Plusieurs éléments déclencheurs peuvent expliquer le « pétage de plomb » de certains jeunes, explique un éducateur de quartier souhaitant garder l'anonymat, qui dit avoir très bien connu Abdeslam Salah.
L'un des facteurs poussant à cette radicalisation violente serait, paradoxalement, leur éloignement de la religion. Dans une étude menée par l'anthropologue française Dounia Bouzar, ces profils auraient baigné dans un environnement familial en rupture avec la religion. Un discours qui se vérifie à l'échelle locale, où toutes les mosquées condamnent ces violences, arguant que cette éducation et cette imprégnation à la violence se jouent à travers Internet notamment.


(Lire aussi : La « connexion belge » des affaires de terrorisme islamique en Europe)

 

Profil type ?
Pour cet éducateur de rue, « le facteur religieux n'est pas le plus important, il y a un vrai problème identitaire chez les jeunes de Molenbeek, le point de départ étant le décrochage scolaire ». Selon lui, « il y a de véritables problèmes sociaux qui rendent cette jeune population extrêmement fragile : le racisme qui les pousse à ne pas se sentir comme des citoyens belges à part entière, et donc ne pas appartenir à la communauté nationale ; l'exclusion; le manque de réhabilitation et le manque de travail ».
« Je connais des jeunes dealers qui gagnent 3 000 euros par mois, qui sont prêts à laisser tomber s'ils trouvaient un emploi beaucoup moins payé pour avoir une vie stable », explique encore l'éducateur de quartier, « mais le problème, c'est qu'ils sont stigmatisés et en manque cruel de reconnaissance, ils ne trouvent pas leur place ».
Les racines du problème se trouveraient dans cette réalité-là, selon plusieurs témoignages. « Si l'on observe bien, ils ont plus ou moins le même parcours : un niveau d'éducation bas, un passé de délinquant qui les mène en prison, lieu où ils basculent dans la radicalisation », ajoute l'éducateur.

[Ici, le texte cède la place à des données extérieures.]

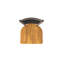 Tabouret pivotant Hadleigh-111450604-111450600-111450607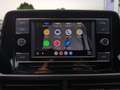 Volkswagen T-Roc TSI Schwarz - thumbnail 18
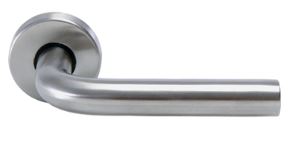 MANIVELA MR 20000 INOX JGO.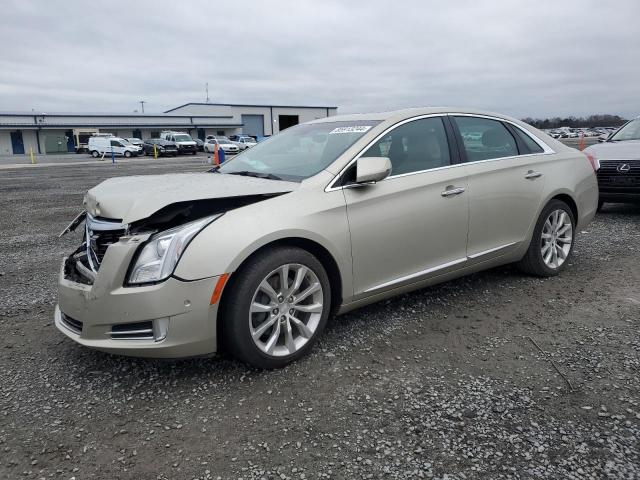 Vin: 2g61m5s32g9100407, lot: 85913244, cadillac xts luxury collection 2016 img_1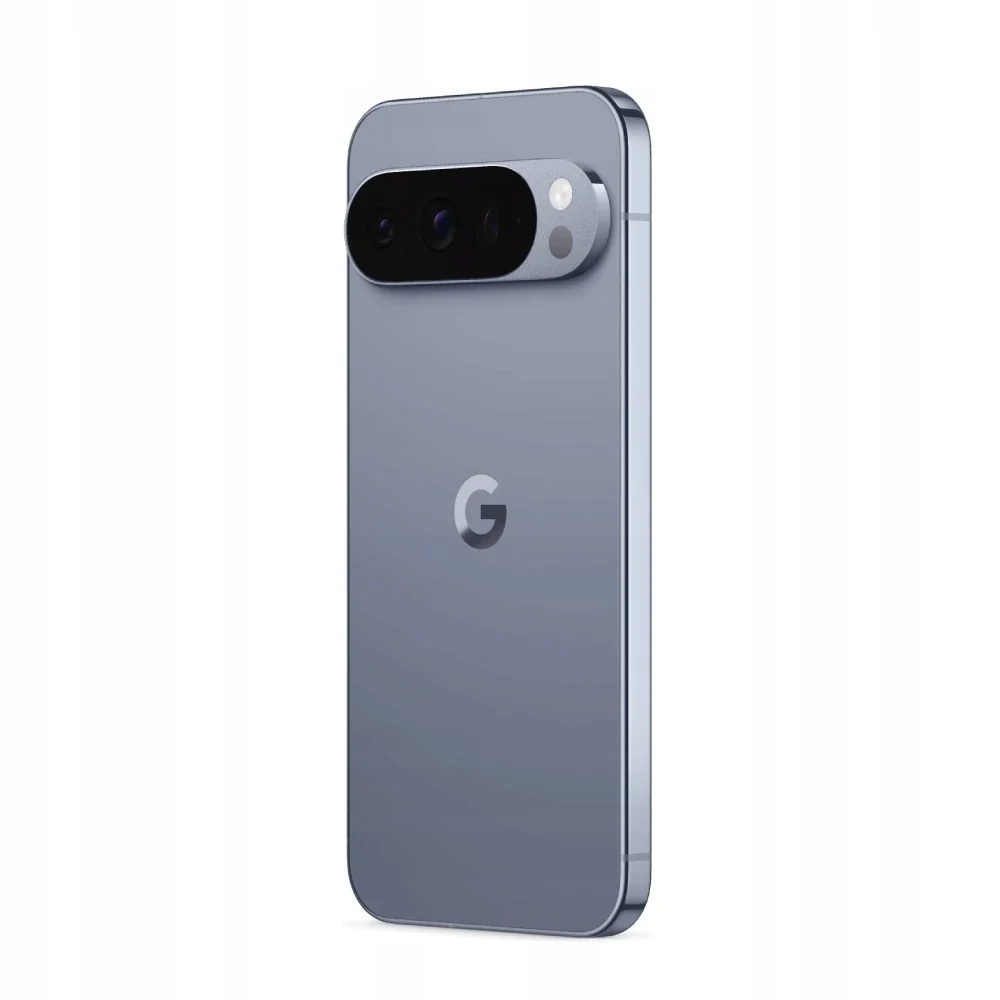 Smartfon Google Pixel 10 Pro XL 16 GB / 256 GB 5G szary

Pour Olivier Veraghen, agent de prévention à Molenbeek, « l'absence de reconnaissance, et donc du respect de soi, pousse ces jeunes à remettre en question la société dans laquelle ils vivent pour aller chercher des réponses ailleurs ». Il tient cependant à souligner que « ce problème de radicalisation ne touche pas que sa commune, mais les jeunes de manière générale ».
Pour Adel Lassouli, une chose est évidente : « Il est difficile de cerner un seul profil, mais il y a un ensemble d'indicateurs qui font qu'à un moment donné, le jeune est en rupture et en perte de repère, ce qui ne facilite pas une évolution normale. »

Nouvelles mesures de sécurité
Jeudi dernier, le Premier ministre belge Charles Michel a annoncé que 400 millions d'euros supplémentaires en faveur de la sécurité et contre le terrorisme seront injectés, et 18 nouvelles mesures seront prises. Parmi celles-ci, les plus spectaculaires concernent les combattants revenant de Syrie, qui se verront directement jetés en prison. Pour les autres, une procédure contradictoire sera instaurée pour imposer le port d'un bracelet électronique.
Deux mesures avec lesquelles Nathalie Gallant, avocate du père de Abdelhamid Abaaoud, est totalement en désaccord, « quand on sait que c'est en prison justement que le bât blesse ». Selon elle, la prison est « l'endroit le plus dangereux, plusieurs cas ont démontré que c'est bien là que naît le processus de radicalisation ».